The XML binding implemented by this module is untyped. The readers and streamers produce values of type node for every (nested) tag.

To bind the resulting values to more strictly typed ADTs, use Validator.

function readXML

value readXML(loc file, bool fullyQualify=false, bool trackOrigins = false, bool includeEndTags=false, bool ignoreComments=true, bool ignoreWhitespace=true, str charset="UTF-8", bool inferCharset=!(charset?))

function streamXML

Stream all the tags in a file, one-by-one, without ever having the entire XML file in memory.

Maybe[value]() streamXML(loc file, str elementName, bool fullyQualify=false, bool trackOrigins = false, bool includeEndTags=false, bool ignoreComments=true, bool ignoreWhitespace=true, str charset="UTF-8", bool inferCharset=!(charset?))

Stream X ML returns a closure function. When you call it repeatedly, it will produce a single value just(...) for each occurrence of elementName tags in the input. The final call will produce nothing(), so you know when to stop.

IO exceptions can still be thrown even when you are already streaming. This means an entire file has dissappeared, or permissions were revoked during the execution of the stream.
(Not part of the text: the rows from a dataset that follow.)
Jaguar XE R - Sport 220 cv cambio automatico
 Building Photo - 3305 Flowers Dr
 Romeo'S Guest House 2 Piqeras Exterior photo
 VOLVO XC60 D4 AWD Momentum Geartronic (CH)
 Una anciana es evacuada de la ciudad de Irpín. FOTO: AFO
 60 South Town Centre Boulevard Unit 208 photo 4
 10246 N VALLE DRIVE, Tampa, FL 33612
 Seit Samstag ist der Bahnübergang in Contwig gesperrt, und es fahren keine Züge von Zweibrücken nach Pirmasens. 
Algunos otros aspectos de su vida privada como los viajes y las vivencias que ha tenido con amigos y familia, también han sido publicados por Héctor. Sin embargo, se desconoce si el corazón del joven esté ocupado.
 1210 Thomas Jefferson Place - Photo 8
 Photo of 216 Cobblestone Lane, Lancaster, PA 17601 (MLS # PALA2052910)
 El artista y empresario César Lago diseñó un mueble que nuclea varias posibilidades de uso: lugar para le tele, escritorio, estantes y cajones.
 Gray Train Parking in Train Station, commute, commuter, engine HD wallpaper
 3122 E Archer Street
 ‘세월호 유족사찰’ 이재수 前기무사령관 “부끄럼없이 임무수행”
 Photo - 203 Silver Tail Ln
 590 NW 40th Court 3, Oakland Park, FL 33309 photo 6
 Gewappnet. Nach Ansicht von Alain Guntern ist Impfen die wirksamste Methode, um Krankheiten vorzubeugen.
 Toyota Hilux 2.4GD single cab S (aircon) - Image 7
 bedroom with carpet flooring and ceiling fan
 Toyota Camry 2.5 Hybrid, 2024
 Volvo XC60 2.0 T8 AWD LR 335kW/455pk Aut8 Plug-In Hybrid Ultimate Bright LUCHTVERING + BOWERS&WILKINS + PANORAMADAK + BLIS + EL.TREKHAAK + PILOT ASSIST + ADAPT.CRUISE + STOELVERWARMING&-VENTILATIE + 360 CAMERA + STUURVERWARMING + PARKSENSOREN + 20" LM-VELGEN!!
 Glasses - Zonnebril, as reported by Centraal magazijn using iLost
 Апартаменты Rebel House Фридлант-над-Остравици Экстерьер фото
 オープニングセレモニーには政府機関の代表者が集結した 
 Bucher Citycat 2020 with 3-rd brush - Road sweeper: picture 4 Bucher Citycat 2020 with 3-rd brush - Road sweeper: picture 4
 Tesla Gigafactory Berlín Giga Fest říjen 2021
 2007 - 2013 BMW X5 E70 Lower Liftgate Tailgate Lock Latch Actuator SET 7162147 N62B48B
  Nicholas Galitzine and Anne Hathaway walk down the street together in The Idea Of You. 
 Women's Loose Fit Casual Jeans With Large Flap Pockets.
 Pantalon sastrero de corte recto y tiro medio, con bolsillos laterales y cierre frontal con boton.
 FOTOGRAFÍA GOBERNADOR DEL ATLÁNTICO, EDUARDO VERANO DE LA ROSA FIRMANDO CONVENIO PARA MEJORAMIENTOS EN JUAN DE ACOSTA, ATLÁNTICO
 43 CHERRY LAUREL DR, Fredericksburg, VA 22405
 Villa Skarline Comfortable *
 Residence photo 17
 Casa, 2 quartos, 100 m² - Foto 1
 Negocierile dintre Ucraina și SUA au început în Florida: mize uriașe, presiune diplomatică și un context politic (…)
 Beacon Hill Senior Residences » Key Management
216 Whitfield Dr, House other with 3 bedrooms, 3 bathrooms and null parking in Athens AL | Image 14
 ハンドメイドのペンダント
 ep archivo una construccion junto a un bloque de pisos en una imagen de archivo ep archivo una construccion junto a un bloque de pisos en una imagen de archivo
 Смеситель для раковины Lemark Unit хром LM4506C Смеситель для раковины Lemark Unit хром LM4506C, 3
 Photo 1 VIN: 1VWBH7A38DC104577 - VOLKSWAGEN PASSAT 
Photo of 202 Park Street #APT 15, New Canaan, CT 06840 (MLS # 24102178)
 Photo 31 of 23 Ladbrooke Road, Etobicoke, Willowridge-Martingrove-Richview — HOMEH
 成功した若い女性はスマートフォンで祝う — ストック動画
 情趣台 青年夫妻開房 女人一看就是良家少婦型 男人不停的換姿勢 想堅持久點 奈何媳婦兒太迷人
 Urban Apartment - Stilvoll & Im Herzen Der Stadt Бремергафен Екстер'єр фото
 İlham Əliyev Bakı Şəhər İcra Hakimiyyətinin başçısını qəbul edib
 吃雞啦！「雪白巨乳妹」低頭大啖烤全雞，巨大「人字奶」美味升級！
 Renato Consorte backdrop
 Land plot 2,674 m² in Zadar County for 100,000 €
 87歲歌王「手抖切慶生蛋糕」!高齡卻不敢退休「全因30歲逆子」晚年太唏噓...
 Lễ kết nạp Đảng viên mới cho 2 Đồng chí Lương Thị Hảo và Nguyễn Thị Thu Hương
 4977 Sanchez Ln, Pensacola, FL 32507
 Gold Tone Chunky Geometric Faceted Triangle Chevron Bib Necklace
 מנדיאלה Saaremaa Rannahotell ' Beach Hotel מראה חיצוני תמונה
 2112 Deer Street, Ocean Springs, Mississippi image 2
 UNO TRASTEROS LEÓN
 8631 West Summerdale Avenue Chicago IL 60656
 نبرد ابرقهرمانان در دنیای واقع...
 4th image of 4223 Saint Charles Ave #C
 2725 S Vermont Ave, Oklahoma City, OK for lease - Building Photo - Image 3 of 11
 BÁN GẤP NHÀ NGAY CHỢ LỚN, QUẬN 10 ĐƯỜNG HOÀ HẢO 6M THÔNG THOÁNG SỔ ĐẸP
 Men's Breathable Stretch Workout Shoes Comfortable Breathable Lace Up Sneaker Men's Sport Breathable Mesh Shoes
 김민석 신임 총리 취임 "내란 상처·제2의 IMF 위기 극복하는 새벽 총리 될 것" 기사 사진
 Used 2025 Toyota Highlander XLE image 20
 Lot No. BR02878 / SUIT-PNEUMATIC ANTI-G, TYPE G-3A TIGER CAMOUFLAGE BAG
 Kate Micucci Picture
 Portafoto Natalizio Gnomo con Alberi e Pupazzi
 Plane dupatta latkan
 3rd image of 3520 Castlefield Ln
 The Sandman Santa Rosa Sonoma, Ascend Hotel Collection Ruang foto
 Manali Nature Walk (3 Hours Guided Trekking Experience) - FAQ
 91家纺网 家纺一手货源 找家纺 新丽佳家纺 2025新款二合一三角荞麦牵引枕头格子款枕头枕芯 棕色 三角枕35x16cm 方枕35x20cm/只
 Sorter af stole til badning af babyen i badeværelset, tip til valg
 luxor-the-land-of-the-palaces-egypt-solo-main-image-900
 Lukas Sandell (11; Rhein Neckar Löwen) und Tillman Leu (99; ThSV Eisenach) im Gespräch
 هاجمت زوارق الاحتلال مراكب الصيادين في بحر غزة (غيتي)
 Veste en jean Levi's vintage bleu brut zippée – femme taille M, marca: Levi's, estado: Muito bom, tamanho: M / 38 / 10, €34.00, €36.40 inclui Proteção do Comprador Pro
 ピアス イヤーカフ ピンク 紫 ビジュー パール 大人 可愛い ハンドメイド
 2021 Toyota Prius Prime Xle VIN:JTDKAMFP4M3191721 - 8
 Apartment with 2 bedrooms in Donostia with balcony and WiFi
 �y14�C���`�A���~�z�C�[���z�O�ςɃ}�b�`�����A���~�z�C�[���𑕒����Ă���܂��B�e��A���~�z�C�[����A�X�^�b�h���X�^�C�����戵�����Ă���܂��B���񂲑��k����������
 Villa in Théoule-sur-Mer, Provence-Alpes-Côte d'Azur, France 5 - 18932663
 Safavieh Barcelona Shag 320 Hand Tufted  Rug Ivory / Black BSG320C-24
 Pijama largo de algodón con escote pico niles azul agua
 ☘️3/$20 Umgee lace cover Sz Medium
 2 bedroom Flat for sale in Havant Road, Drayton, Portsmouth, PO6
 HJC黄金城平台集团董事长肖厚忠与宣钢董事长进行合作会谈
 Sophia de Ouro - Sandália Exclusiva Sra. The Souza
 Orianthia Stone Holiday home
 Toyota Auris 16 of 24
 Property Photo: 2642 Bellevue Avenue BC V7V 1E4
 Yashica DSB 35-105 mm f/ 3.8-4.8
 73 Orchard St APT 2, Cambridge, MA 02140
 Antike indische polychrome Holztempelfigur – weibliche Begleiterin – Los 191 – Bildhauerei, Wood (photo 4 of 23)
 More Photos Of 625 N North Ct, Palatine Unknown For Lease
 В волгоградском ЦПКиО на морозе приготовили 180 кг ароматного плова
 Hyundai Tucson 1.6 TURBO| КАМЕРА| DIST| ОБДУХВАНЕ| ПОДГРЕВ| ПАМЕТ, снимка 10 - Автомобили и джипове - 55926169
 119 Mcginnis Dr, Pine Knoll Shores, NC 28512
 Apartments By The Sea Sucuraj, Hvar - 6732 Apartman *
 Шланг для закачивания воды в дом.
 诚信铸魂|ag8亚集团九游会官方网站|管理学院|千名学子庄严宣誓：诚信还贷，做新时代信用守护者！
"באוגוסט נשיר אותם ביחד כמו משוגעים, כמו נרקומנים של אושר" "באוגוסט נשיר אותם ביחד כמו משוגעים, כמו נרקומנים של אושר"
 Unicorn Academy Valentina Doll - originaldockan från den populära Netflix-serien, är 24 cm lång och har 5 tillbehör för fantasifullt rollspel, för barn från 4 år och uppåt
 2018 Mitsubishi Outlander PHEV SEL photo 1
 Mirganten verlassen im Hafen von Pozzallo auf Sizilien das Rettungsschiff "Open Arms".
Only when you receive nothing() it is indicated that the elementName tag is not further present in the file.

Examples

rascal>import IO;
ok

a (prefix of) an example XML file from the web

rascal>readFile(|https://www.w3schools.com/xml/cd_catalog.xml|(0,500))
str: "\<?xml version=\"1.0\" encoding=\"UTF-8\"?\>\n\<CATALOG\>\n \<CD\>\n \<TITLE\>Empire Burlesque\</TITLE\>\n \<ARTIST\>Bob Dylan\</ARTIST\>\n \<COUNTRY\>USA\</COUNTRY\>\n \<COMPANY\>Columbia\</COMPANY\>\n \<PRICE\>10.90\</PRICE\>\n \<YEAR\>1985\</YEAR\>\n \</CD\>\n \<CD\>\n \<TITLE\>Hide your heart\</TITLE\>\n \<ARTIST\>Bonnie Tyler\</ARTIST\>\n \<COUNTRY\>UK\</COUNTRY\>\n \<COMPANY\>CBS Records\</COMPANY\>\n \<PRICE\>9.90\</PRICE\>\n \<YEAR\>1988\</YEAR\>\n \</CD\>\n \<CD\>\n \<TITLE\>Greatest Hits\</TITLE\>\n \<ARTIST\>Dolly Parton\</ARTIST"
───
<?xml version="1.0" encoding="UTF-8"?>
<CATALOG>
<CD>
<TITLE>Empire Burlesque</TITLE>
<ARTIST>Bob Dylan</ARTIST>
<COUNTRY>USA</COUNTRY>
<COMPANY>Columbia</COMPANY>
<PRICE>10.90</PRICE>
<YEAR>1985</YEAR>
</CD>
<CD>
<TITLE>Hide your heart</TITLE>
<ARTIST>Bonnie Tyler</ARTIST>
<COUNTRY>UK</COUNTRY>
<COMPANY>CBS Records</COMPANY>
<PRICE>9.90</PRICE>
<YEAR>1988</YEAR>
</CD>
<CD>
<TITLE>Greatest Hits</TITLE>
<ARTIST>Dolly Parton</ARTIST
───
rascal>import lang::xml::IO;
ok

let's read every CD one-by-one

rascal>nextCD = streamXML(|https://www.w3schools.com/xml/cd_catalog.xml|, "CD");
Maybe[value] (): function(|std:///lang/xml/IO.rsc|(3050,8,<54,231>,<54,239>))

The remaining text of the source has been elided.